In [1]:
from mss import mss
import pydirectinput
import cv2
import numpy as np
import pytesseract
from matplotlib import pyplot as plt
import time
from gym import Env
from gym.spaces import Box, Discrete

In [2]:
class WebGame(Env):
    def __init__(self):
        super().__init__()
        # Setup spaces
        self.observation_space = Box(low=0, high=255, shape=(1,83,100), dtype=np.uint8)
        self.action_space = Discrete(2)
        # Capture game frames
        self.cap = mss()
        #self.game_location = {'top': 300, 'left': 0, 'width': 600, 'height': 500}
        self.game_location = {'top': 500, 'left': 50, 'width': 700, 'height': 300}
        self.done_location = {'top': 405, 'left': 630, 'width': 660, 'height': 70}
        
        
    def step(self, action):
        action_map = {
            0: 'space',
            1: 'no_op'
        }
        if action !=1:
            pydirectinput.press(action_map[action])

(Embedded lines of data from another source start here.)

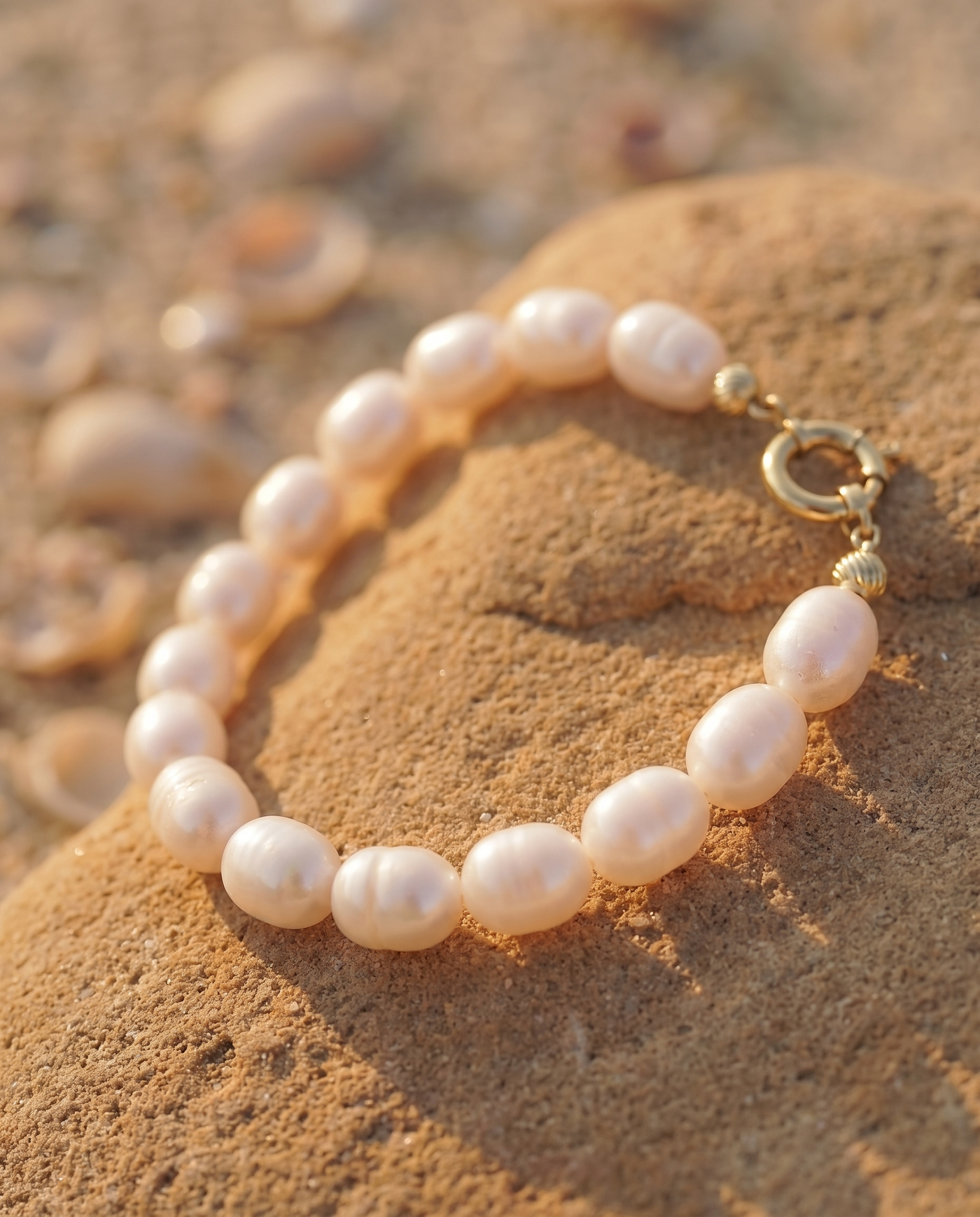 Mediterranean Pearl Bracelet macro detail of pearls and gold links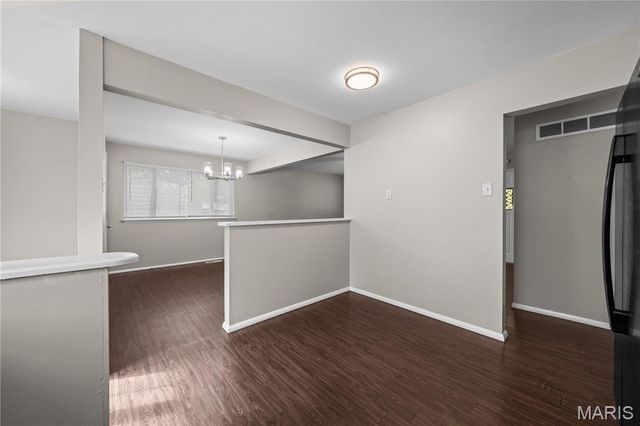 1070 Campion Lane, Florissant, MO 63031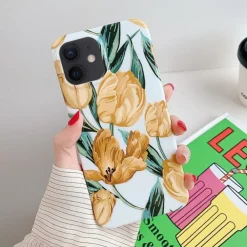 Mocaa iPhone 12 (Pro) Pretty Flower Case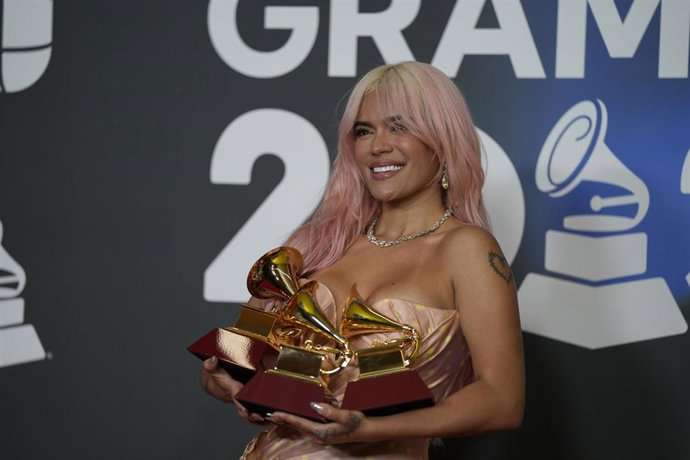 La cantante Karol G, posa con los 3 Grammy que le han sido otorgados durante la gala de entrega de los Latin Grammy 2023, en el Palacio de Congresos de Sevilla, a 16 de noviembre de 2023, en Sevilla, Andalucía (España). 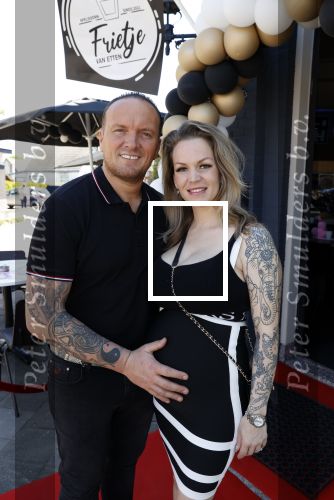 Apeldoorn 1 juni 2021
Frank v Etten opent samen met zijn zwangere vrouw Melanie hun cafetaria met de naam Frietje v Etten.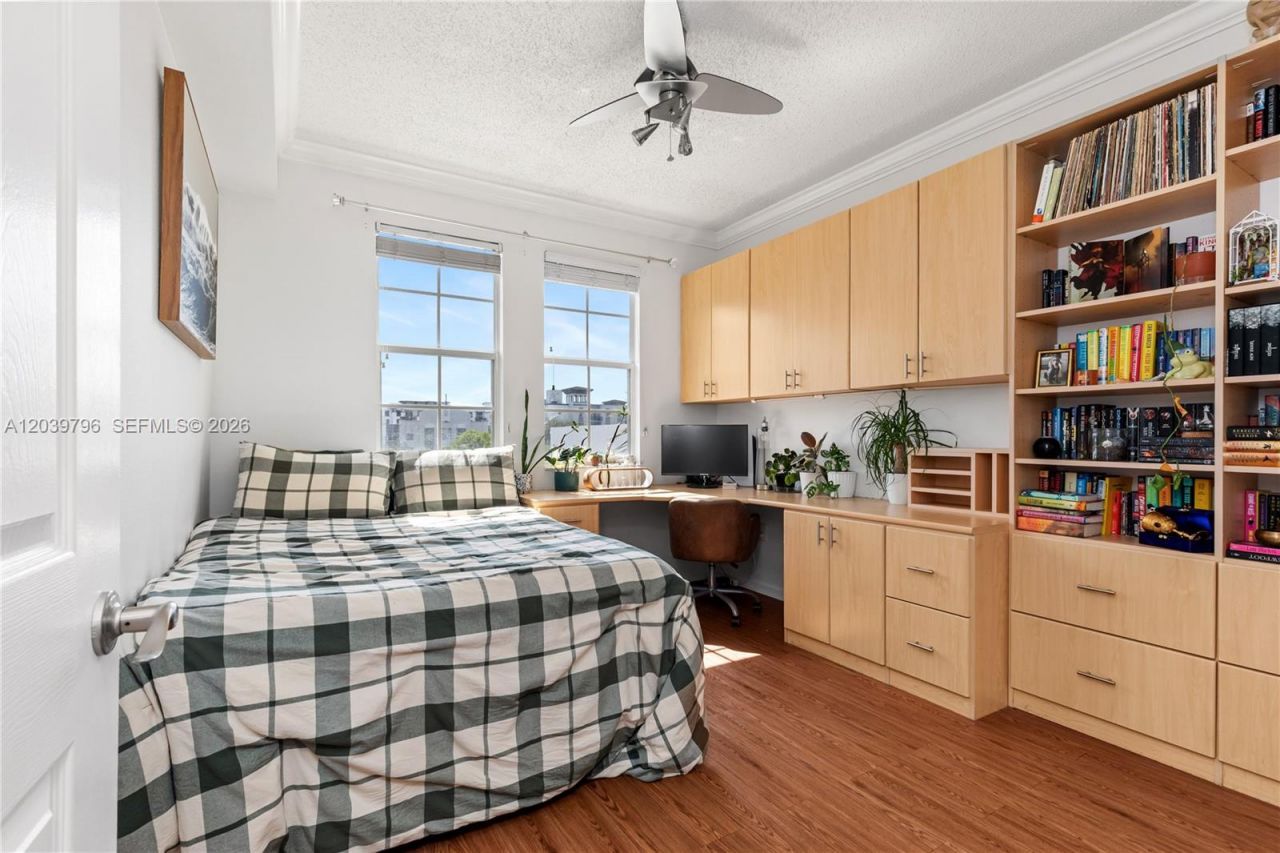 533 NE 3rd Ave, Unit 503, Fort Lauderdale, FL 33301 Photo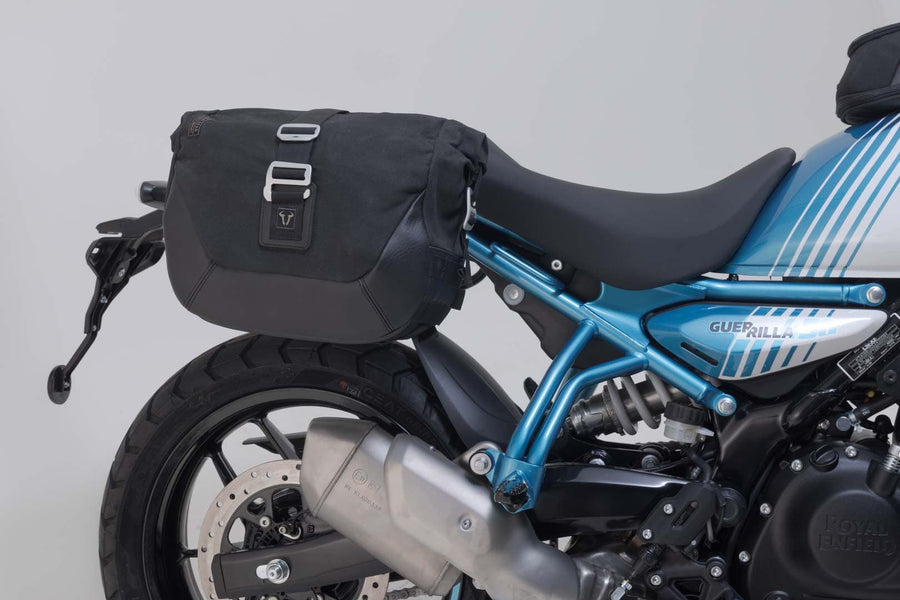 Royal Enfield Guerrilla 450 [2024-2025] – Legend Gear oldaltáska rendszer LC Black Edition – 6. kép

        done, done_cap = self.get_done() 
        observation = self.get_observation()
        if (done == True) and (action == 0):
            reward = -5
        elif (done== True) and (action == 1):
            reward = -10
        elif (done== False) and (action == 0):
            reward = 0
        else:
            reward = 1
        info = {}
        return observation, reward, done, info
        
    
    def reset(self):
        time.sleep(1)
        pydirectinput.click(x=150, y=150)
        pydirectinput.press('space')
        return self.get_observation()
        
    def render(self):
        cv2.imshow('Game', self.current_frame)
        if cv2.waitKey(1) & 0xFF == ord('q'):
            self.close()
         
    def close(self):
        cv2.destroyAllWindows()
    
    def get_observation(self):
        raw = np.array(self.cap.grab(self.game_location))[:,:,:3].astype(np.uint8)
        gray = cv2.cvtColor(raw, cv2.COLOR_BGR2GRAY)
        resized = cv2.resize(gray, (100,83))
        channel = np.reshape(resized, (1,83,100))
        return channel
    
    def get_done(self):
        done_cap = np.array(self.cap.grab(self.done_location))
        done_strings = ['GAME', 'GAHE']
        done=False
        # if np.sum(done_cap) < 44300000:
        #     done = True
        done = False
        pytesseract.pytesseract.tesseract_cmd = 'C:/Program Files/Tesseract-OCR/tesseract.exe'
        res = pytesseract.image_to_string(done_cap)[:4]
        if res in done_strings:
            done = True
        return done, done_cap

In [3]:
# Import os for file path management
import os 
# Import Base Callback for saving models
from stable_baselines3.common.callbacks import BaseCallback
# Check Environment    
from stable_baselines3.common import env_checker

In [4]:
class TrainAndLoggingCallback(BaseCallback):

    def __init__(self, check_freq, save_path, verbose=1):
        super(TrainAndLoggingCallback, self).__init__(verbose)
        self.check_freq = check_freq
        self.save_path = save_path

    def _init_callback(self):
        if self.save_path is not None:
            os.makedirs(self.save_path, exist_ok=True)

    def _on_step(self):
        if self.n_calls % self.check_freq == 0:
            model_path = os.path.join(self.save_path, 'best_model_{}'.format(self.n_calls))
            self.model.save(model_path)

        return True

In [5]:
CHECKPOINT_DIR = './2nd/train/'
LOG_DIR = './2nd/logs/'
callback = TrainAndLoggingCallback(check_freq=1000, save_path=CHECKPOINT_DIR)

In [6]:
from stable_baselines3 import PPO
from stable_baselines3.common.monitor import Monitor
from stable_baselines3.common.vec_env import DummyVecEnv, VecFrameStack

In [7]:
env = WebGame()

In [8]:
model = PPO('CnnPolicy', env, tensorboard_log=LOG_DIR, verbose=1,learning_rate=0.0003)

Using cpu device
Wrapping the env with a `Monitor` wrapper
Wrapping the env in a DummyVecEnv.


In [9]:
model.learn(total_timesteps=5000, callback=callback)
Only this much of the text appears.